* _WORKING DATA_:
━━━━━━━━

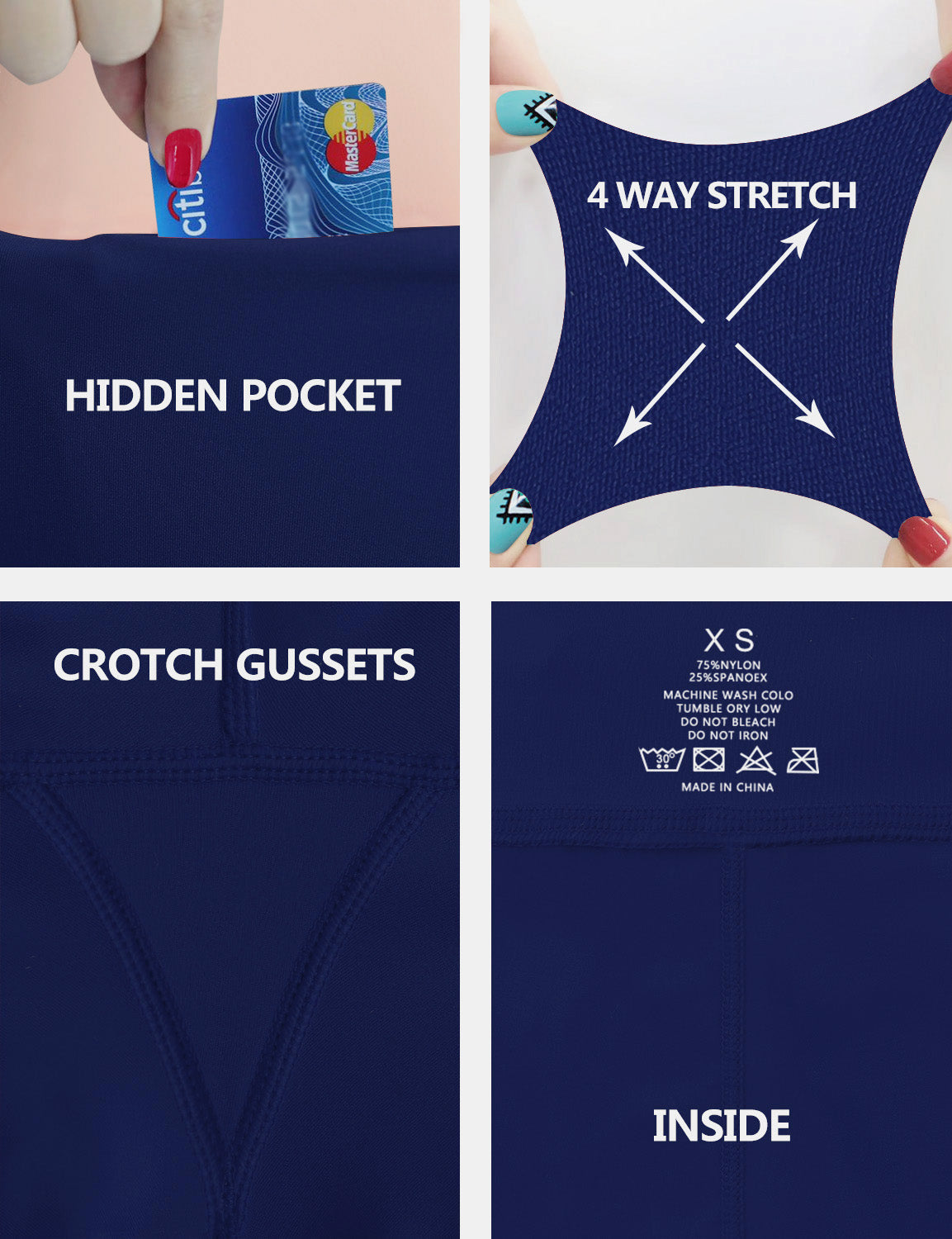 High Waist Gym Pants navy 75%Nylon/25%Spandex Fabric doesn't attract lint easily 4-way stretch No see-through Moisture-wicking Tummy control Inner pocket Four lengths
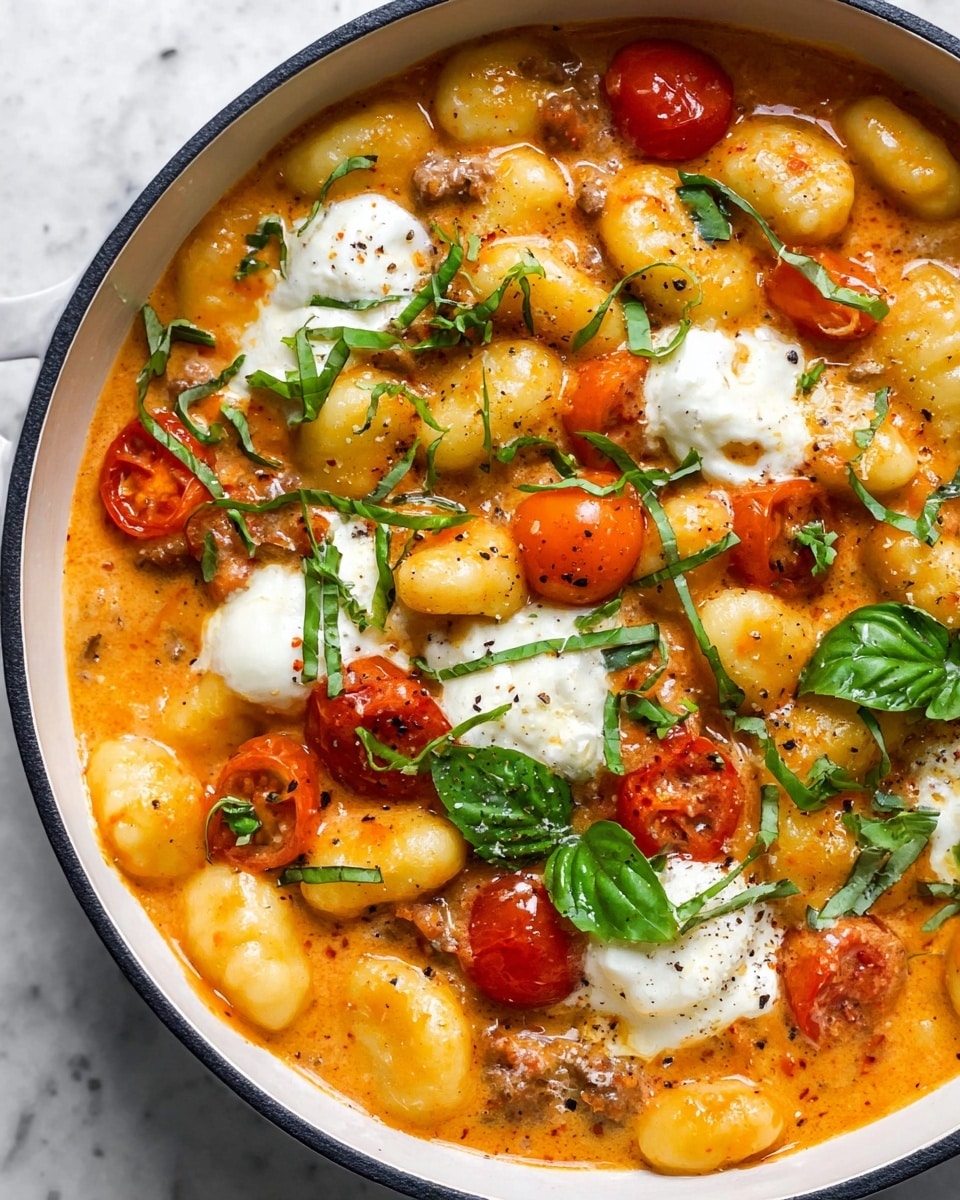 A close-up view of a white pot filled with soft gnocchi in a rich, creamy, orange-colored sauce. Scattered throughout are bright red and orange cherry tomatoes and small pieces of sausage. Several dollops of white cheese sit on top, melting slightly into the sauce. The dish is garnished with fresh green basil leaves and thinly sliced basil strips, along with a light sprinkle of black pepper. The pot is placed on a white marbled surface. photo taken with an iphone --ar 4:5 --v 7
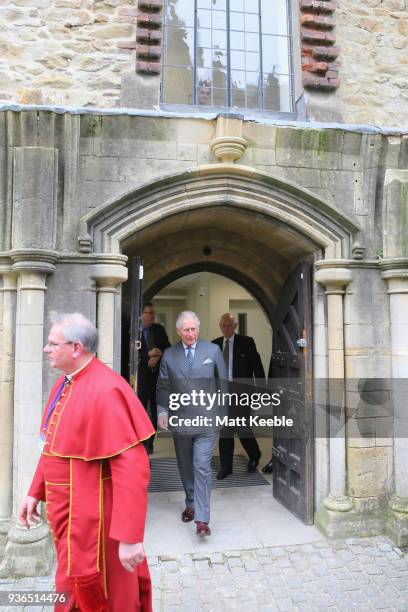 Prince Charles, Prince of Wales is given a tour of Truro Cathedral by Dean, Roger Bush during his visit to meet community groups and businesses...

━━━━━━━━

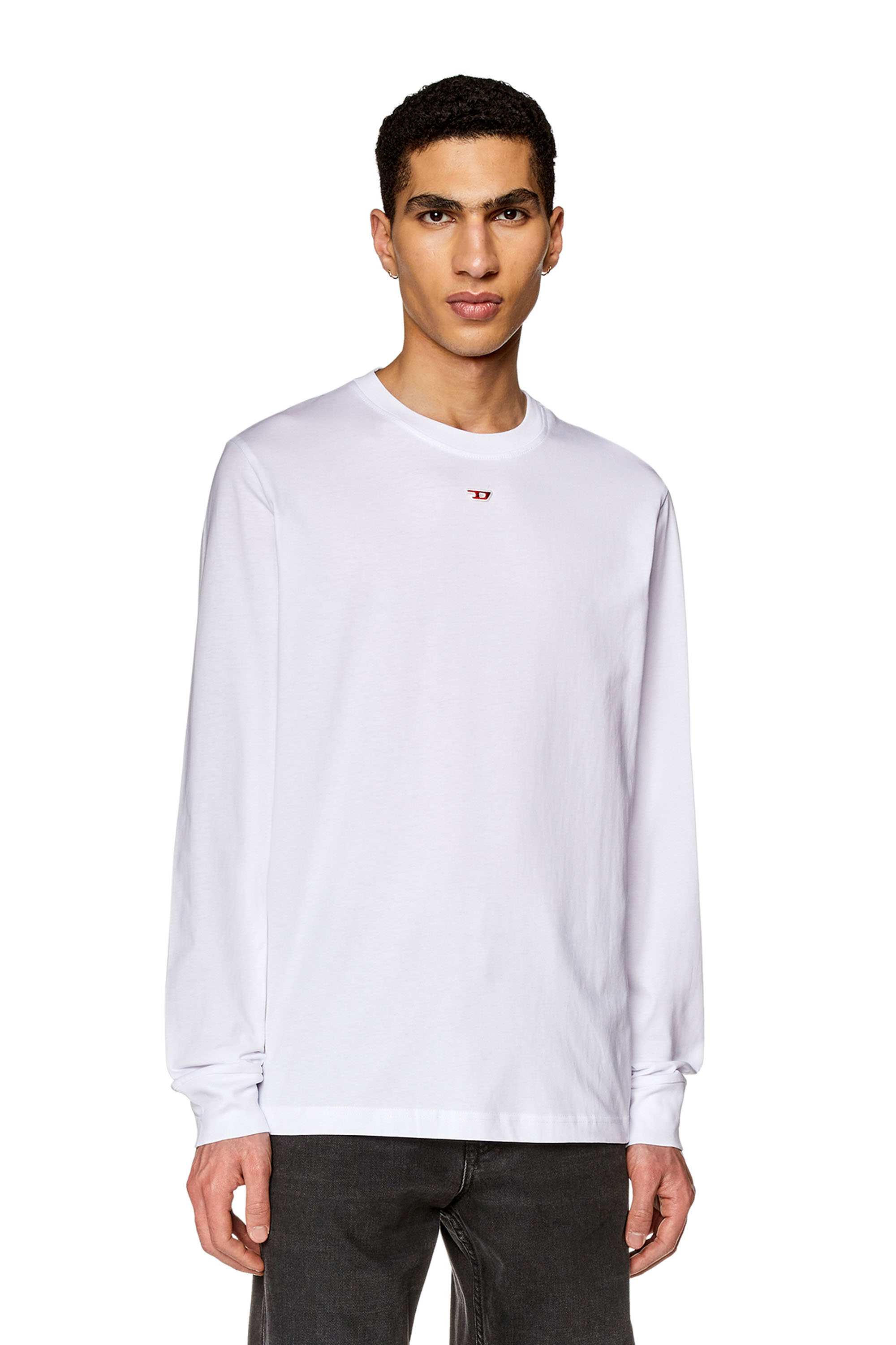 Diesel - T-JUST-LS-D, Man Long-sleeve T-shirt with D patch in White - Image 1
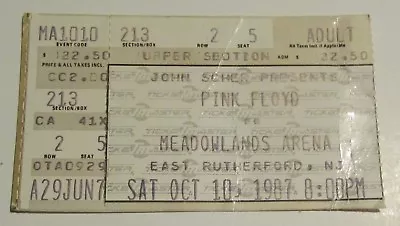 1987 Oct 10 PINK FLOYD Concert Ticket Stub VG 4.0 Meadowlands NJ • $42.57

━━━━━━━━

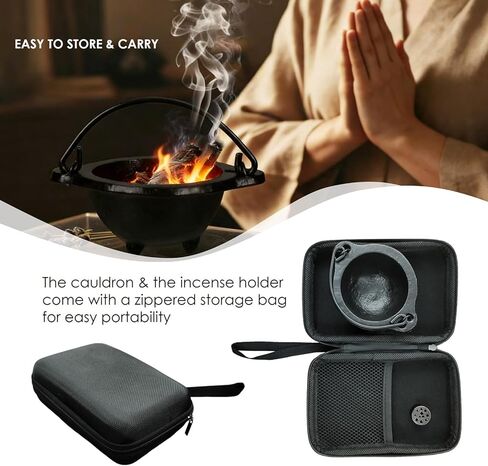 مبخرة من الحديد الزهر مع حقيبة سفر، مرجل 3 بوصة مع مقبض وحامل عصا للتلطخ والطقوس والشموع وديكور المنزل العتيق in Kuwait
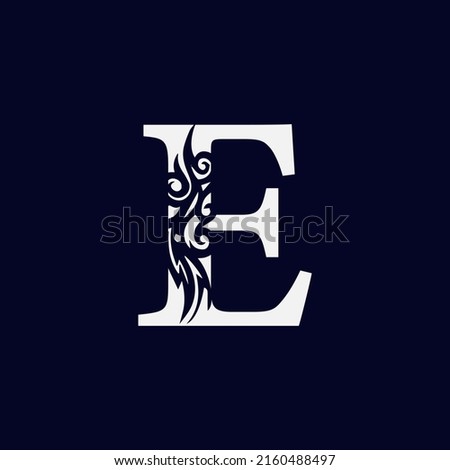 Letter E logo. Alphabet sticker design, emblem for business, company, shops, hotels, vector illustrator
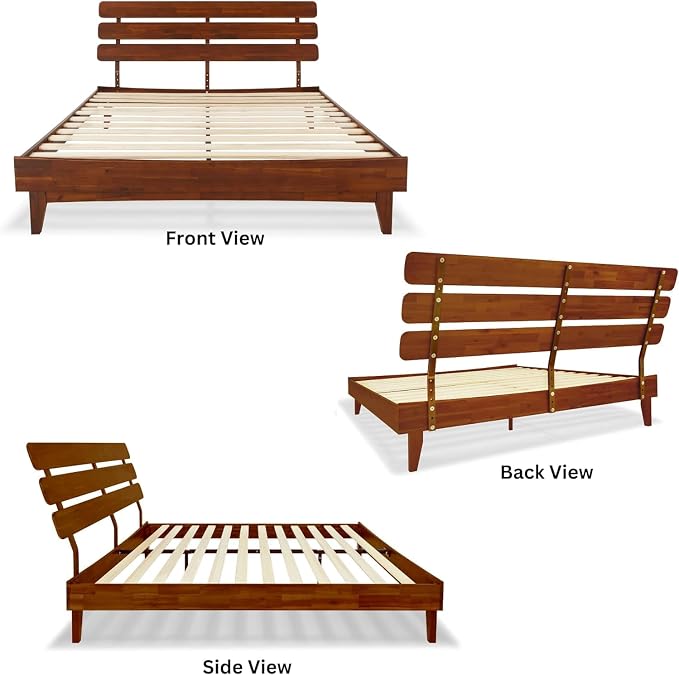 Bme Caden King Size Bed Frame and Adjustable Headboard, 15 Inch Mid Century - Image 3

━━━━━━━━

* _EXERCISE AIM_: Print the line above containing "مبخرة من الحديد", the line containing "Bme Caden King", and everything between them, exactly as written. Pictures stay out.

* _ANSWER SECTION_:
 مبخرة من الحديد الزهر مع حقيبة سفر، مرجل 3 بوصة مع مقبض وحامل عصا للتلطخ والطقوس والشموع وديكور المنزل العتيق in Kuwait
 Letter E logo. Alphabet sticker design, emblem for business, company, shops, hotels, vector illustrator
 Bme Caden King Size Bed Frame and Adjustable Headboard, 15 Inch Mid Century - Image 3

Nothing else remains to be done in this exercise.